In a new city, with no sense of direction, and being fluent in 3 words of the local language, is not so straightforward.
The concierge at the hotel I was staying at told me how to get to my first landmark, Lucy, the first homo Sapien.
“Get the first bus to Kasanchis, get off, walk around the corner and find the bus to Sedis Kilo, get off at the big round-about then get another bus to Teardros”.
I wrote that down.
I was intending to find the Ethiopian Museum of history, The local University and a market that is apparently the biggest in Africa.
What I found instead was a city rich with the aroma of African life (figuratively speaking), a public transport system that works, and the remains of the first homosapien, Lucy.
But here’s the rub, buses in Addis Ababa run on a loose schedule and indicate their destination with squiggly Amharic writing on top. As the bus is pulling in to it’s stop a little guy jumps out while it’s still moving, swings on the sliding door as it opens, and yells out the location the mini-bus is going to.
He then lands on the ground with quick steps like the energiser bunny, slaps his hand on the roof to let his driver know to speed up again, because no-one jumped on board for the ride.
At the bus stop, around the corner from the hotel, I heard the following call from the door swinging energiser bunny: “alufkin lukwuddy Kasanchis” I repeated Kasanchis back to him and he nodded to get in.
In a mini bus designed for 11 people, I counted 17, with the call guy hanging out the door.
Along the way, holes the size of cricket pitches marked the road where enthusiastic city officials one day promised they would fill them in if they got elected, 15 or 20 other mini-buses scrambled for your service, and woman and children dodged and darted between all this.
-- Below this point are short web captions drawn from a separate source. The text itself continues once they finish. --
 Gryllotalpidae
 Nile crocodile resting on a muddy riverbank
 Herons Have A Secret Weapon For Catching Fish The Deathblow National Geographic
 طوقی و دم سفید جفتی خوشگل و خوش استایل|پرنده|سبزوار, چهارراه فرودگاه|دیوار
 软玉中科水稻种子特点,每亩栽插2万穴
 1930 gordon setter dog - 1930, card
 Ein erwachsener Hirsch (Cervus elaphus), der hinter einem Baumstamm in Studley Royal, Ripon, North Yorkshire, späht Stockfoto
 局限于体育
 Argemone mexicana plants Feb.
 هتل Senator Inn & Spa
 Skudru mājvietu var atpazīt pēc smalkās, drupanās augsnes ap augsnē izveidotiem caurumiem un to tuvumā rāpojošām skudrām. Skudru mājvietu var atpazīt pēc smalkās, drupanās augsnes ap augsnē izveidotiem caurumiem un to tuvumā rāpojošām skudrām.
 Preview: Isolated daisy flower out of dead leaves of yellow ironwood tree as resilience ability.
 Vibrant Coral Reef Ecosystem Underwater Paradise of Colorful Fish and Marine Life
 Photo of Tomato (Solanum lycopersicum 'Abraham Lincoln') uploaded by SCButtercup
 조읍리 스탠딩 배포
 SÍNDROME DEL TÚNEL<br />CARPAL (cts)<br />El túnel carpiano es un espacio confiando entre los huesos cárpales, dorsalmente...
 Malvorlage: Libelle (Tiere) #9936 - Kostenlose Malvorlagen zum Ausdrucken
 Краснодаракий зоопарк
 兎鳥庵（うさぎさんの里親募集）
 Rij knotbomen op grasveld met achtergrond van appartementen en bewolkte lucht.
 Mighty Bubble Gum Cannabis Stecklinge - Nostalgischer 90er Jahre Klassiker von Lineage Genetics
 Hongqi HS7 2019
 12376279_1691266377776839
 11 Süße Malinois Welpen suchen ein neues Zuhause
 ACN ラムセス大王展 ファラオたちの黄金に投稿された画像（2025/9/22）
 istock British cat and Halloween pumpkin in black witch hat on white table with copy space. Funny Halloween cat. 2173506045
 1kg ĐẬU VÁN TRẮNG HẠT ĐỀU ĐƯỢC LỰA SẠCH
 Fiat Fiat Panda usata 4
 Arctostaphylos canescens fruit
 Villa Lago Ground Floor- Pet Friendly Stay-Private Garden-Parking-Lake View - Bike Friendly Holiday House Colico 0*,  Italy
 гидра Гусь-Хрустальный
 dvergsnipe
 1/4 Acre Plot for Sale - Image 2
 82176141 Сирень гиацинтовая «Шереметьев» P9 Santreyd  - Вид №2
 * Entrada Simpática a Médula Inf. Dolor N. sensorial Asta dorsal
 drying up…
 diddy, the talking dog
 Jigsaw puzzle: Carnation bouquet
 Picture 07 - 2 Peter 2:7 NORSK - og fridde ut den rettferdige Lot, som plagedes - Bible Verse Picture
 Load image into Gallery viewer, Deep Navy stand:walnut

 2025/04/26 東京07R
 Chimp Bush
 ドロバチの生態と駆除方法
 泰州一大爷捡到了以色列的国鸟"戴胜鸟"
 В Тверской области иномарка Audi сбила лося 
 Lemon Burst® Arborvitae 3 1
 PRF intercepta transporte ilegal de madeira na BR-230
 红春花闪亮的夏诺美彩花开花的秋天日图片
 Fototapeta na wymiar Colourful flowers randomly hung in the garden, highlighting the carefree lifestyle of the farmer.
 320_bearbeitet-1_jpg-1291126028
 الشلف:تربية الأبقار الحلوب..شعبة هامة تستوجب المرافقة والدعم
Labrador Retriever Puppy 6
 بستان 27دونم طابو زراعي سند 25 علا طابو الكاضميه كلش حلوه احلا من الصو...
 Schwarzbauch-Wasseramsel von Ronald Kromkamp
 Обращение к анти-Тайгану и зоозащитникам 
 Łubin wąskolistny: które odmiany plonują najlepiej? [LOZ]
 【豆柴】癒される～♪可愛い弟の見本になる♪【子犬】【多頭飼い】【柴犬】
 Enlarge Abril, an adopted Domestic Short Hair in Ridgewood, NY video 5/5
In most cities, when you catch public transport you can bury your head in a book, look out the window, or zone out on your phone. We use it to fill a most basic need to get somewhere, to do something.
In Addis Ababa – in the mini bus movement around town – you are heaving and breathing with your fellow man. If you fart, the bus will know about it. If you don’t like your seat, wait five minutes and someone will be on your lap, and if you don’t yell out to stop you get the city tour.
In most cities, there is some degree of public transport fraud; people scamming free rides, and governments spend millions trying to counter it.
In Addis, They’ve fixed that problem; they get a guy that can run as fast as a mini van who can hang off an open sliding door at 10 mile an hour. He sits at the door, so you either pay him, or you don’t get off.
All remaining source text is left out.